End discrimination to driving profession for women
Compared with the restricted situation of women post liberation, the current picture is indeed encouraging with a large number of females working alongside their male counterparts. However, the patriarchal notion that some jobs are unsuitable for women still persists as a New Age report finds that the public sector quota for female drivers, standing at 15 per cent, is not properly used. The Bangladesh Road Transport Authority’s statistics, which show that a paltry 350 women have professional driving licences against a male number exceeding 7.5 lakh put the highly skewed situation in perspective.
While non-government organisation BRAC along with the BRTA trained 75 women, only 18 got jobs. Results from other organisations training women drivers also present a hope-deflating scenario as in most cases, less than half end up with work. It is also found that most women drivers who are determined to take up driving as a profession prefer to seek employment at certain kinds of non-governmental organisations and international development agencies as these bodies largely adhere to strict workplace modalities, providing a working woman with safety from possible sexual harassment.
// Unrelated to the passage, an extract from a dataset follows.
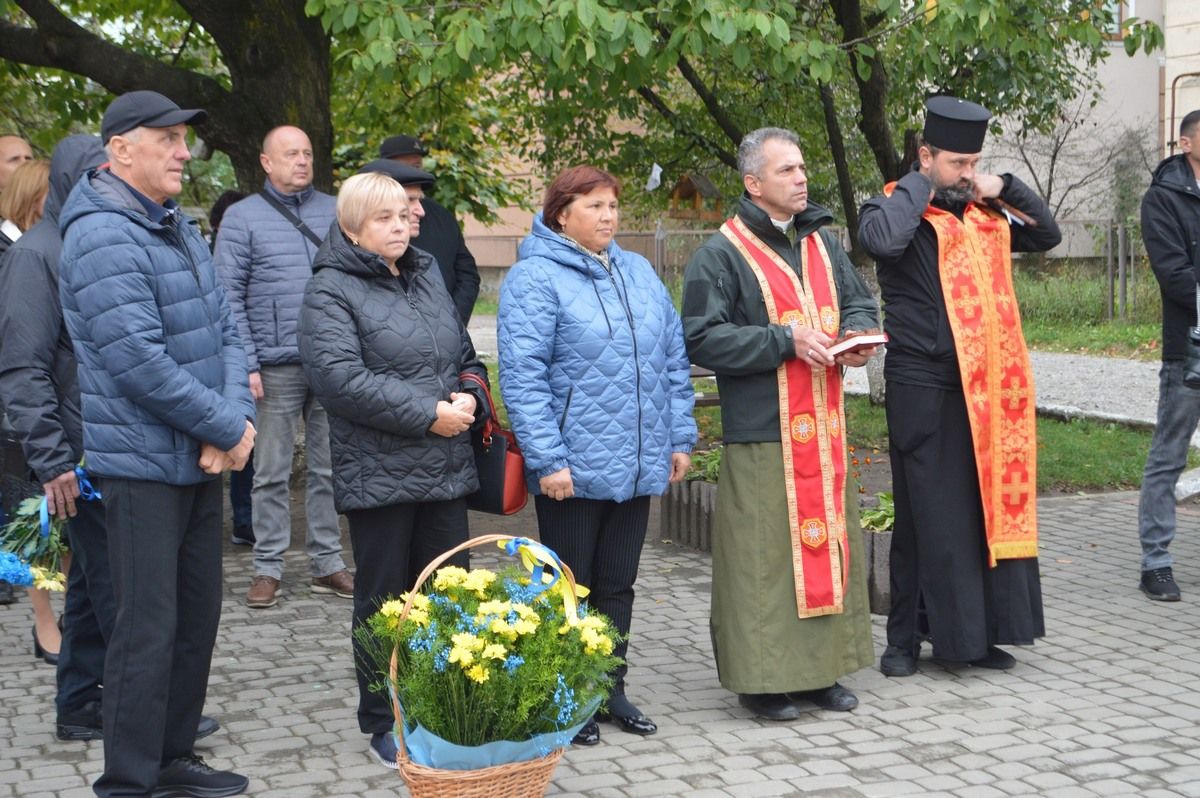 П'ятьом Героям відкрили пам'ятні дошки у школах Коломиї 11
As we laud the number of women who have added to our workforce, it has to be admitted that often many women have to maintain their employment in the face of oblique sexual innuendos. Naturally, in a workplace setting where most colleagues are men, a woman working as a driver may feel awkward because, still now, most local organisations do not have clearly outlined guidelines regarding male-female work-related etiquette. Add to this the social perception that certain tasks should be dominated by men only. In this regard, it needs to be asserted that driving is a task that can be performed by women with equal skills once work place ethics are delineated. Those who undermine women’s ability as a driver should be reminded that global surveys have proved conclusively women to be better behind the wheel and less likely as victims of road rage. Bringing the angle of women’s emancipation to the fore, unless we open up the profession of driving to both the sexes, discrimination against women will continue to prevail, feeding to more subtle chauvinism in other social spheres.
Looking at the long-term ramifications, if society entrenches the belief that women cannot be professional drivers, one form of livelihood will eventually be shut for good.
But we also feel that deeply held prejudices in society sometimes deter women from taking up driving as a career. Therefore, a complete overhaul of social attitude is required along with more importance attached to making workplace safe and secure for females.
The immediate impact of opening up one sector of livelihood to the women creates more employment but in the long run, it contributes to solidifying a social credo which accelerates gender equality. Hopefully, the government, will make the case of women taking up driving professionally a strong social cause.